START Data to examine
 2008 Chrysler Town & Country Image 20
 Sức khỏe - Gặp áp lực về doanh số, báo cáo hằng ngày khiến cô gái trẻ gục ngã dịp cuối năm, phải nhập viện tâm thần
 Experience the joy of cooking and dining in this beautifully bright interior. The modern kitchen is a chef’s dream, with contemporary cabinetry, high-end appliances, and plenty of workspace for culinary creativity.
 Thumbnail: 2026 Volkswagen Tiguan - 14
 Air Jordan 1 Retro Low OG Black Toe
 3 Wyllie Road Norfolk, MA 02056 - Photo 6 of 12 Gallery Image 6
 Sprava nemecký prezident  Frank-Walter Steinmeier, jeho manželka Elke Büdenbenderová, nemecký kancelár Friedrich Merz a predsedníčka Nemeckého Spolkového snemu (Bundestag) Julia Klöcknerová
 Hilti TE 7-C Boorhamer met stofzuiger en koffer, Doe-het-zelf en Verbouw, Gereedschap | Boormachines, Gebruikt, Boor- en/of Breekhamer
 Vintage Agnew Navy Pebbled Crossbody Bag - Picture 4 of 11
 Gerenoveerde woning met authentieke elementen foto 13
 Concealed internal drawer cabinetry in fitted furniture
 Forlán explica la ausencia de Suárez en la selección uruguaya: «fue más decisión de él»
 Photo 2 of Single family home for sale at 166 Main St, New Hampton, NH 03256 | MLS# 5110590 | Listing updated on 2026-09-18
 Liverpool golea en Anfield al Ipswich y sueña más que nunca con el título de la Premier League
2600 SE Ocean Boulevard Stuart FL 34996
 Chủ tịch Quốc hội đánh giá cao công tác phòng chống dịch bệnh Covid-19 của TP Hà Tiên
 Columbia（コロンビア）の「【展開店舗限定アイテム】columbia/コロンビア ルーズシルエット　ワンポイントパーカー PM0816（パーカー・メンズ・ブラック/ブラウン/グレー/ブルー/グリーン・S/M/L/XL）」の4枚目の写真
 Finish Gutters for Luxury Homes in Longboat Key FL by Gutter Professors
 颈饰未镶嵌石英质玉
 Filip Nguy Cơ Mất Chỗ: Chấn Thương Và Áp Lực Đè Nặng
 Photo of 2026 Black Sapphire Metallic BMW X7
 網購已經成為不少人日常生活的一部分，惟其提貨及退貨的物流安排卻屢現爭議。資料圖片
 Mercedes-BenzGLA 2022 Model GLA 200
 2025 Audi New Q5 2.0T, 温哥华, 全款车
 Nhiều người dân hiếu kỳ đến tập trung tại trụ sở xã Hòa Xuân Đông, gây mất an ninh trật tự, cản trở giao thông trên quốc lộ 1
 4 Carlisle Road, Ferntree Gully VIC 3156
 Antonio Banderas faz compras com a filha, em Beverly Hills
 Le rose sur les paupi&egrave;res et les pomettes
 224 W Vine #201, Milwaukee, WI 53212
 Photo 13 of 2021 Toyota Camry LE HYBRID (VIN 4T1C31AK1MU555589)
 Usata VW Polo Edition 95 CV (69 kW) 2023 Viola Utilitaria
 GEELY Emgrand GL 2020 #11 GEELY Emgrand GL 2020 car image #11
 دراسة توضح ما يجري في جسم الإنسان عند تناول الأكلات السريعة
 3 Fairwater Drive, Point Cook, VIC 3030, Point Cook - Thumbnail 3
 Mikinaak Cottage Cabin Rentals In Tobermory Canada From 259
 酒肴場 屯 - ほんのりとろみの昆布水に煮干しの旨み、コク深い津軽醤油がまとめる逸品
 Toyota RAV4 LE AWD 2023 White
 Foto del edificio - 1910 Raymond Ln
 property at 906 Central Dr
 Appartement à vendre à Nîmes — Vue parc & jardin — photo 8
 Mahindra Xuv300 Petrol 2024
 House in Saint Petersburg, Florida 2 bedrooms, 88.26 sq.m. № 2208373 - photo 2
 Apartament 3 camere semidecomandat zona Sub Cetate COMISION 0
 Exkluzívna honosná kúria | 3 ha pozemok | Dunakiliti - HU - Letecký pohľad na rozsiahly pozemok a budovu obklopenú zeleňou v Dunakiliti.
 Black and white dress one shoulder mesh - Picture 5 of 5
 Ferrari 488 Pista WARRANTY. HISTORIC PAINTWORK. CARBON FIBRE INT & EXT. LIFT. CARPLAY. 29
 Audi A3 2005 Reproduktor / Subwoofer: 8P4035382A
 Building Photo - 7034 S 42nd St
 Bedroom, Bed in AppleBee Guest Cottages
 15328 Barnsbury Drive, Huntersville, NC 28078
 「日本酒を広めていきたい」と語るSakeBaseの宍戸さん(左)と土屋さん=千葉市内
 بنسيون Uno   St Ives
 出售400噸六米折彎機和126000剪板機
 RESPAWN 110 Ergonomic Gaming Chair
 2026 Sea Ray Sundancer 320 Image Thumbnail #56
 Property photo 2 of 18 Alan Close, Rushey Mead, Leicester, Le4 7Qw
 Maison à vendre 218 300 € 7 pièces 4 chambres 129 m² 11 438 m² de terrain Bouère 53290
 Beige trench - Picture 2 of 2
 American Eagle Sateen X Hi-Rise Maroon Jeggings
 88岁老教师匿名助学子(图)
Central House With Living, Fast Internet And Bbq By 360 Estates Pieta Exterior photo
END Data to examine
# [Exercise]
Every line from the line containing "Photo of 2026 Black Sapphire Metallic BMW X7" through the line containing "دراسة توضح ما" in the records above must be retyped exactly. Leave out the rest.

# [Result below]
 Photo of 2026 Black Sapphire Metallic BMW X7
 網購已經成為不少人日常生活的一部分，惟其提貨及退貨的物流安排卻屢現爭議。資料圖片
 Mercedes-BenzGLA 2022 Model GLA 200
 2025 Audi New Q5 2.0T, 温哥华, 全款车
 Nhiều người dân hiếu kỳ đến tập trung tại trụ sở xã Hòa Xuân Đông, gây mất an ninh trật tự, cản trở giao thông trên quốc lộ 1
 4 Carlisle Road, Ferntree Gully VIC 3156
 Antonio Banderas faz compras com a filha, em Beverly Hills
 Le rose sur les paupi&egrave;res et les pomettes
 224 W Vine #201, Milwaukee, WI 53212
 Photo 13 of 2021 Toyota Camry LE HYBRID (VIN 4T1C31AK1MU555589)
 Usata VW Polo Edition 95 CV (69 kW) 2023 Viola Utilitaria
 GEELY Emgrand GL 2020 #11 GEELY Emgrand GL 2020 car image #11
 دراسة توضح ما يجري في جسم الإنسان عند تناول الأكلات السريعة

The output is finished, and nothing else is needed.